Este sentimiento de decepción hace su aparición al poco tiempo de juego y no te abandonará hasta que lo finalices; eso si tienes suficiente paciencia para ello, ya que el título es bastante largo y, por desgracia, pesado. Y es que, pese a que se ha simplificado componente rolero para hacerlo más liviano y accesible, acaba resultando cargante. Esto se debe en gran medida a la manera en que se han implementado los combates:

  1. El nivel de exigencia es elevado y te obliga a levelear si quieres progresar en la historia. De hecho el propio diseño del juego obedece a esta finalidad: junto a la trama principal existe una cantidad enorme de misiones y objetivos secundarios poco inspirados y que en su mayor parte consisten en enviarte a una mazmorra para recuperar un objeto o salvar a una persona.
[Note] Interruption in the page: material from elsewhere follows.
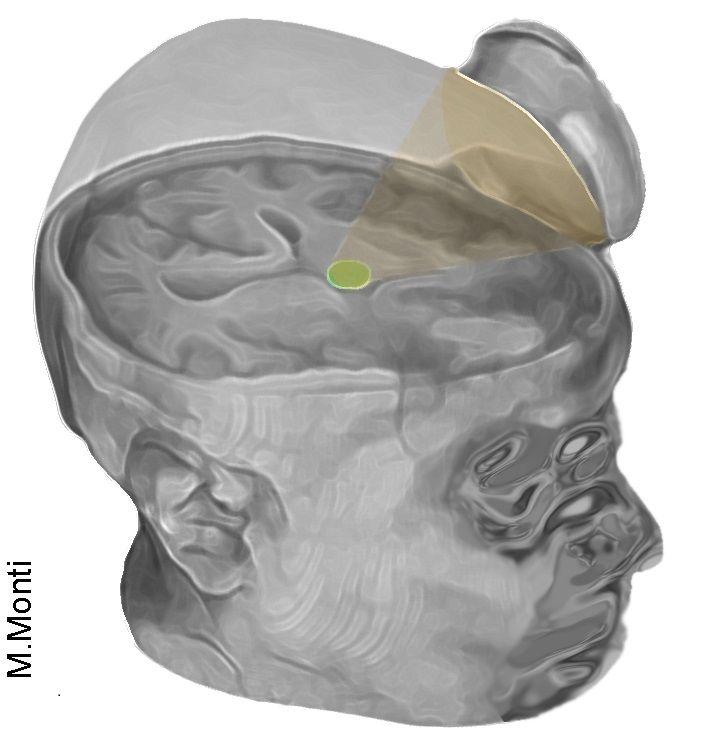 The ultrasound device fired a beam of sound into the brain to stimulate a specific area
Por otro lado tus propios compañeros te invitarán con frecuencia a grindear o te pedirán objetos que sólo puedes obtener derrotando a monstruos. El resultado es inmediato: la mayor parte del tiempo estarás revisitando mazmorras, ya que, de lo contrario, tienes muchas posibilidades morder el polvo ante un jefe final.

  2. La puesta en escena de los combates obedece a un único propósito: el espectáculo. Una vez que has impartido las órdenes a tus unidades y comienza el turno, asistirás a una sucesión de ataques, contraataques, bloqueos y filigranas que muestran la lucha con todo lujo de detalles (cámara lenta incluida) y que parecen directamente sacados de una película de acción. El resultado es brillante y muy cinematográfico, pero como las escenas se repiten, cuando lleves varias horas jugando te estarás preguntando por qué demonios no han incluido alguna opción para desactivarlas. Aquí el juego arrastra, además, un lastre enorme que, pese a la inclusión de QTE, acaba por cargarse el ritmo y arruinar la experiencia por completo: al enfrentarse unidades, tanto de aliados como de enemigos, el número de combatientes es muy elevado, pudiendo alcanzar tranquilamente la cifra de veinte o treinta, por lo que cada turno se hace maratoniano y cada combate, eterno.

  3. Los comandos de acción que el juego pone a tu disposición en cada turno varían de forma arbitraria. Esto sucede sobre todo cuando te enfrentas a jefes finales o a enemigos especialmente duros y hace que aumente de forma chapucera y artificial la dificultad, ya que es perfectamente factible que no te aparezcan las opciones que más necesitas en un momento determinado. Así, puede suceder que al comenzar el combate, cuando todas tus unidades están intactas, en el menú de comandos de cada una de ellas aparezca la opción de curar y que, sin embargo, dicha posibilidad no esté disponible en un turno posterior pese a haber recibido gran cantidad de daño.

The Last Remnant es, en resumidas cuentas, un RPG por turnos de libro al que le han aplicado unos brochazos mal dados para disimularlo y, en este sentido, las novedades que Square Enix se ha sacado de la manga son puramente formales. El problema radica en que como RPG clásico tampoco funciona, por lo que el resultado final es un juego largo, pesado como él solo, con una historia insustancial y técnicamente deficiente, al que sólo cabe reconocerle el mérito de sus fantásticos diseños gráficos y una banda sonora excelente.

Pobre balance para un título llamado a poner a prueba tus dotes como estratega, pero que nunca te exigirá la grandeza militar de Napoleón, sino más bien la paciencia resignada de San Francisco de Asís.